THE TASK:
The entries below contain a line with "Turnham Green Apartment" and a line with "Symbolbild: schwangere Justitia". Retype exactly everything from the first down to the second, both included, and nothing else.

STORED DATA:
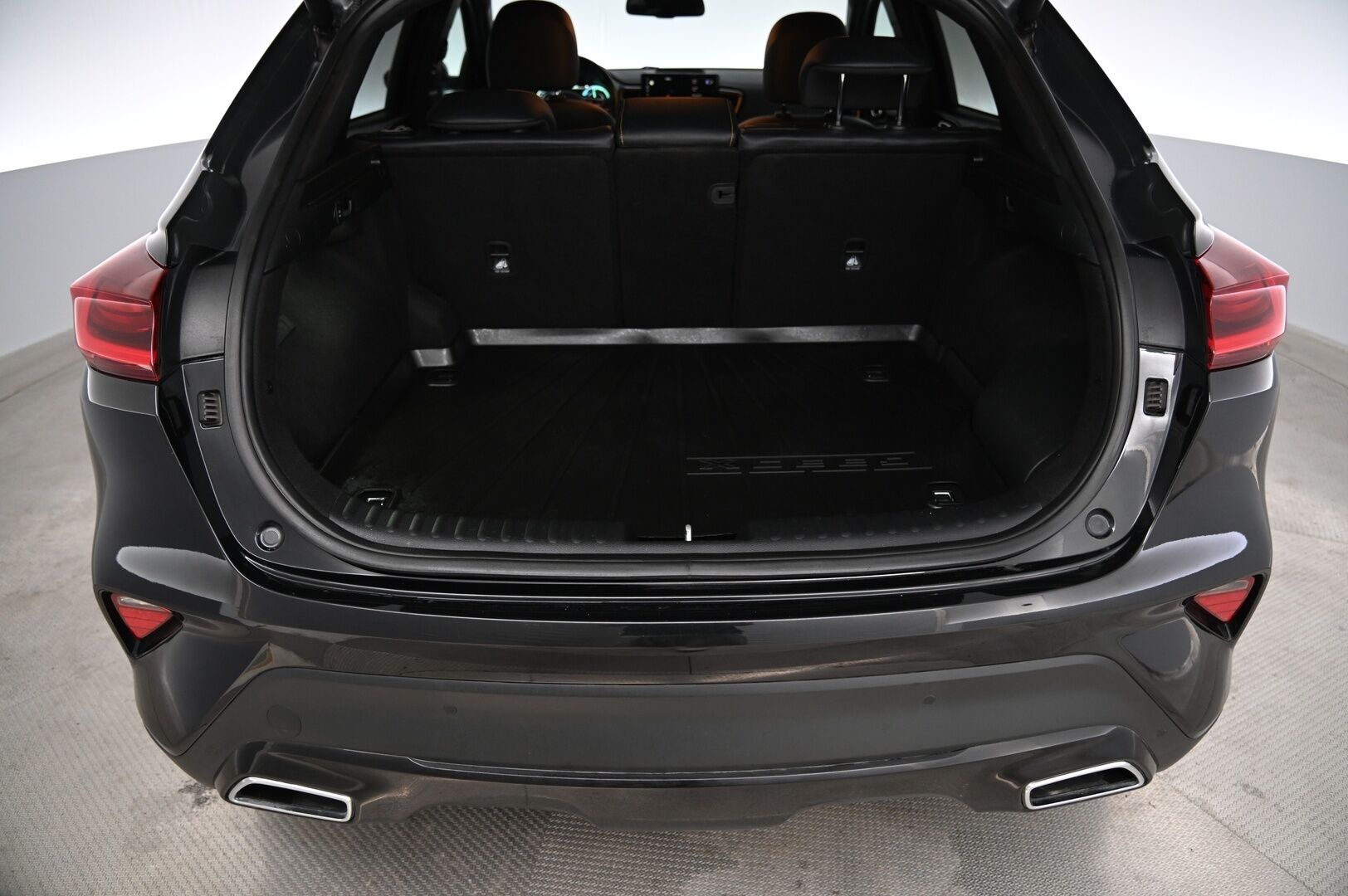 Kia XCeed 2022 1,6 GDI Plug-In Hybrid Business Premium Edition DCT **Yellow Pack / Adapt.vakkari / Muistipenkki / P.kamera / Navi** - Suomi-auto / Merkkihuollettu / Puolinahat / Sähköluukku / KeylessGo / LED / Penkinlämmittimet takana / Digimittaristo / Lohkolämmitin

--

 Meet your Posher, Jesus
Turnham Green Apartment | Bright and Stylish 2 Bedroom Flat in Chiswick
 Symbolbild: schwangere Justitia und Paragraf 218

RESULT FOR THIS EXERCISE:
Turnham Green Apartment | Bright and Stylish 2 Bedroom Flat in Chiswick
 Symbolbild: schwangere Justitia und Paragraf 218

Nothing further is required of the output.